I learned a new term yesterday. Haafu. This is a Japanese word for ‘half’, used to describe a mixed-race person.

Last year, Ms. Ariana Miyamoto became the first multi-racial woman to represent Japan in the Miss Universe contest. This week, Ms. Priyanka Yoshikawa won the Miss World Japan contest.

Twitter was alive yesterday talking about how Japan has come a long way from being homogeneous to multi-racial. Cultural barriers are finally broken, given that Haafu girls are doing well in beauty pageants.

That said, there were tweets about Japan should not embrace racial diversity in beauty pageants and that only ‘pure’ Japanese should be allowed to run.
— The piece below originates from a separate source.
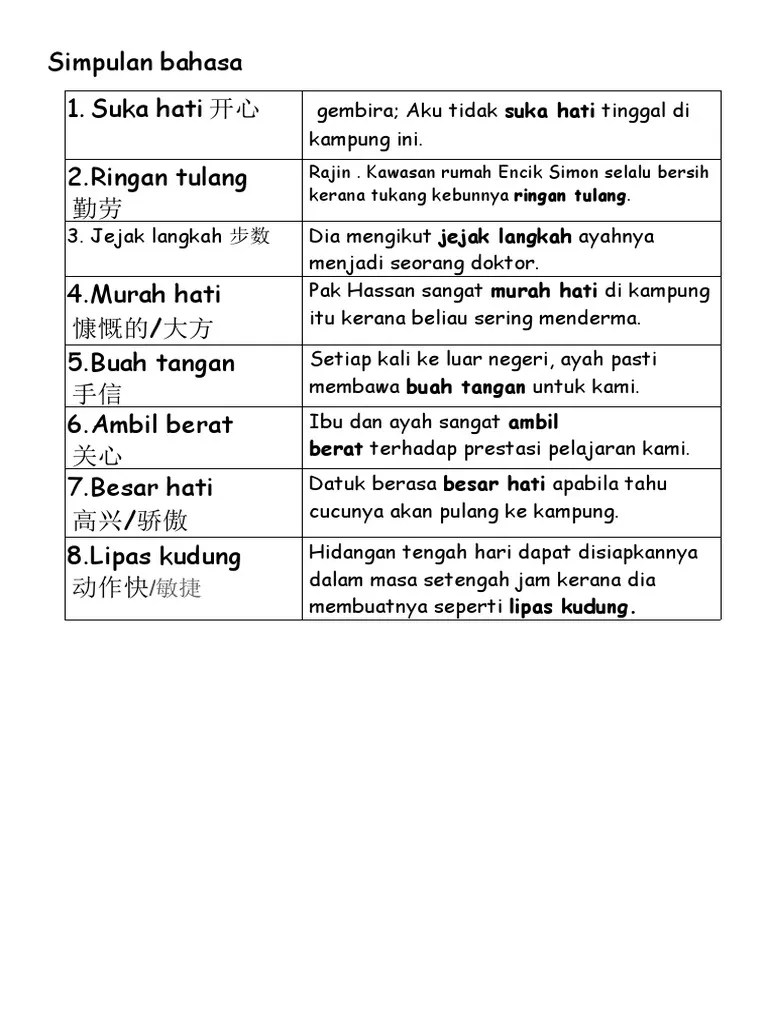 Contoh ayat simpulan bahasa dan maksud. Seni Bahasa Tahun 2 Pdf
All of this raises an interesting debate on identity. What does it mean to be ‘Japanese enough‘? Do mixed-race folks in Japan self-identify as Japanese? Do you have to be born in Japan to feel Japanese? Do you have to speak Japanese to identify as one? Do you have to follow Japanese cultural practices to be Japanese?  Are ‘pure’ Japanese more authentic?

I am curious enough to dig deeper and ask my Japanese friends – some that are in this country temporarily and others that have married outside their community and have haffu children. It will be interesting to discover what they think about the word haffu.  I wonder if they would find it derogatory. More as I know.